- Interactive map of Waihāhā
- Coordinates: 38°43′26″S 175°44′46″E﻿ / ﻿38.724°S 175.746°E
- Country: New Zealand
- Region: Waikato region
- District: Taupō District
- Ward: Mangakino-Pouakani General Ward
- Electorates: Taupō; Te Tai Hauāuru (Māori);

Government
- • Territorial Authority: Taupō District Council
- • Regional council: Waikato Regional Council
- • Mayor of Taupō: John Funnell
- • Taupō MP: Louise Upston
- • Hauraki-Waikato MP: Hana-Rawhiti Maipi-Clarke

Area
- • Total: 252.61 km^{2} (97.53 sq mi)

Population (2023)
- • Total: 84
- • Density: 0.33/km^{2} (0.86/sq mi)
- Postcode(s): 3381

= Waihāhā =

Waihāhā is a village and rural community in the Taupō District and Waikato region of New Zealand's North Island.

The New Zealand Ministry for Culture and Heritage gives a translation of "noisy water" for Waihāhā.

==Demographics==
Waihāhā locality covers 252.61 km2. It is part of the Lake Taupo Bays statistical area.

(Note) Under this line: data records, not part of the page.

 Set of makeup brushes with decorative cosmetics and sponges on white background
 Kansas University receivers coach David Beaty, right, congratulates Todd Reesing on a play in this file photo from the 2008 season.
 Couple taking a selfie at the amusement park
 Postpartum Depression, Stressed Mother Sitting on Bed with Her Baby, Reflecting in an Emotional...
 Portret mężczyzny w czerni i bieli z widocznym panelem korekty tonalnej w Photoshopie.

Waihāhā locality had a population of 84 in the 2023 New Zealand census, an increase of 21 people (33.3%) since the 2018 census, and an increase of 24 people (40.0%) since the 2013 census. There were 48 males and 39 females in 30 dwellings. The median age was 34.6 years (compared with 38.1 years nationally). There were 21 people (25.0%) aged under 15 years, 12 (14.3%) aged 15 to 29, 42 (50.0%) aged 30 to 64, and 9 (10.7%) aged 65 or older.

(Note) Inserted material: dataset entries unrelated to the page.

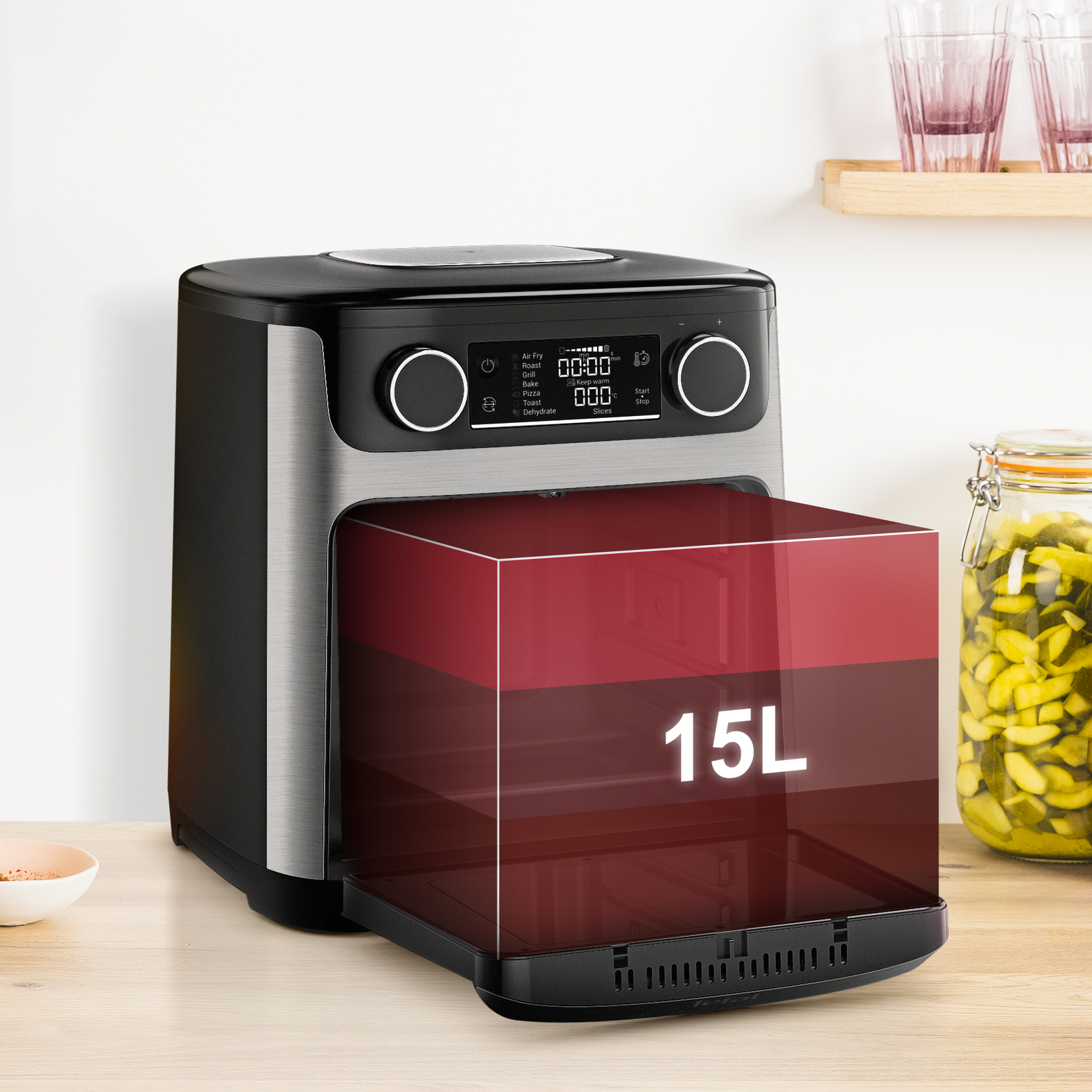 Frytkownica powietrzna z przezroczystym czerwonym pudełkiem pokazującym pojemność 15L. Frytkownica stoi na drewnianej powierzchni.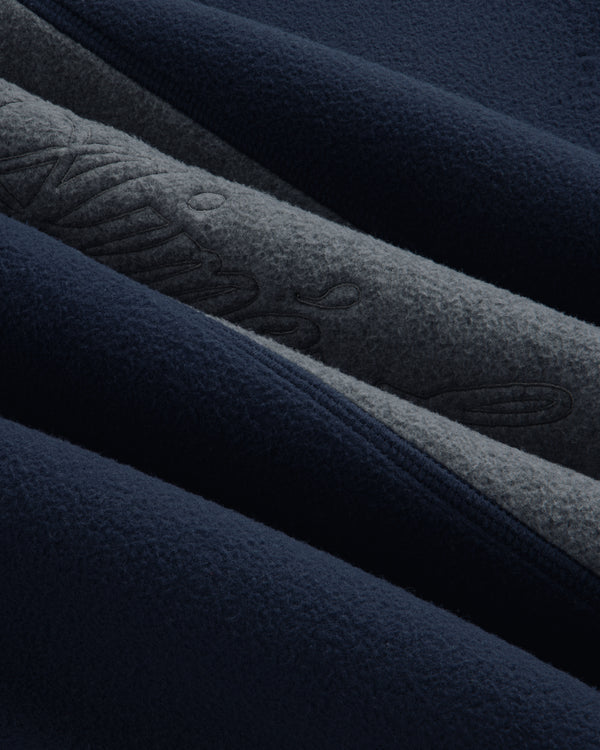Close-up of a navy and grey Fleece Script Paneled Crewneck Sweatshirt with embroidered script detailing.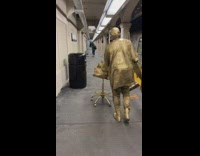 Living statue street performer wheels chair down platform 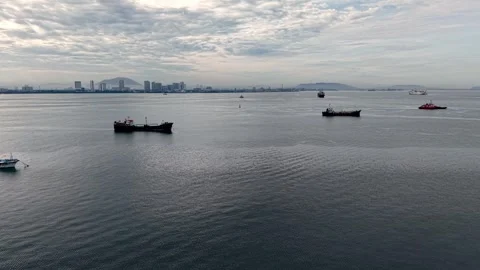 Cargo Boat Fleet Floating Calm Sea Near City Skyline Under Cloudy Sky Stock Footage 336948324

People could identify as more than one ethnicity. The results were 78.6% European (Pākehā); 39.3% Māori; 3.6% Pasifika; and 3.6% Middle Eastern, Latin American and African New Zealanders (MELAA). English was spoken by 96.4%, Māori by 17.9%, and other languages by 3.6%. No language could be spoken by 3.6% (e.g. too young to talk). The percentage of people born overseas was 3.6, compared with 28.8% nationally.

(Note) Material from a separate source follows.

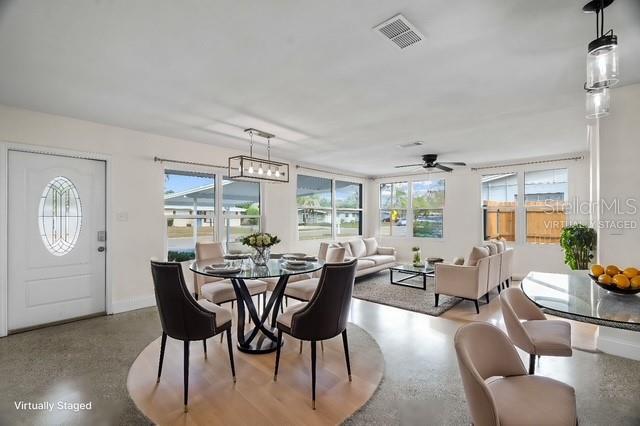 dining area with visible vents and baseboards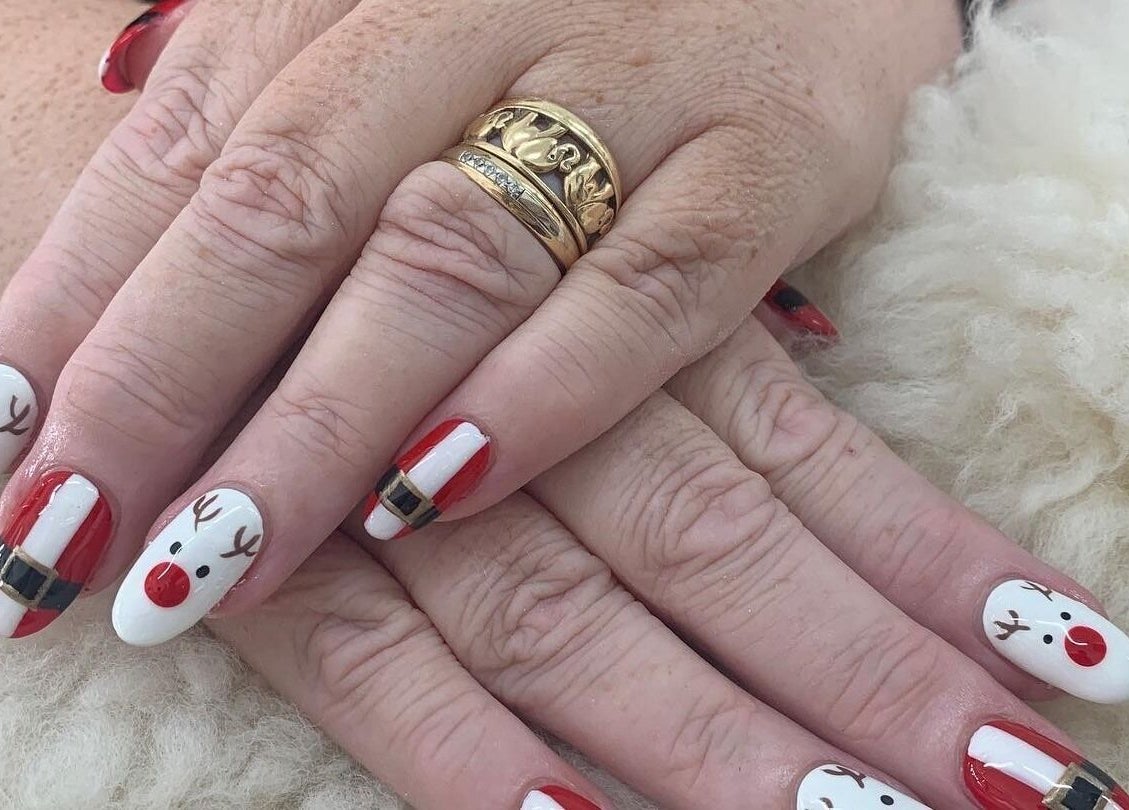 Christmas-themed nail art at Ruby Nails, Palmerston North, Manawatu-wanganui, NZ. Features reindeer designs.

Religious affiliations were 21.4% Christian, and 3.6% Māori religious beliefs. People who answered that they had no religion were 60.7%, and 14.3% of people did not answer the census question.

Of those at least 15 years old, 9 (14.3%) people had a bachelor's or higher degree, 42 (66.7%) had a post-high school certificate or diploma, and 12 (19.0%) people exclusively held high school qualifications. The median income was $52,200, compared with $41,500 nationally. 9 people (14.3%) earned over $100,000 compared to 12.1% nationally. The employment status of those at least 15 was 33 (52.4%) full-time and 15 (23.8%) part-time.

==Marae==
The suburb has two marae:

- Waihāhā Marae and Haukapuanui meeting house is a meeting place of the Ngāti Tūwharetoa hapū of Ngāti Hā, Ngāti Tarakaiahi and Ngāti Wheoro, and the Ngāti Raukawa hapū of Ngāti Hā.
- Waimiha Marae and Te Ihingarangi meeting house is a meeting place of the Rereahu hapū of Ngāti Hinewhatihua, Ngāti Kahuiao, Ngāti Turakiwai and Te Ihingarangi.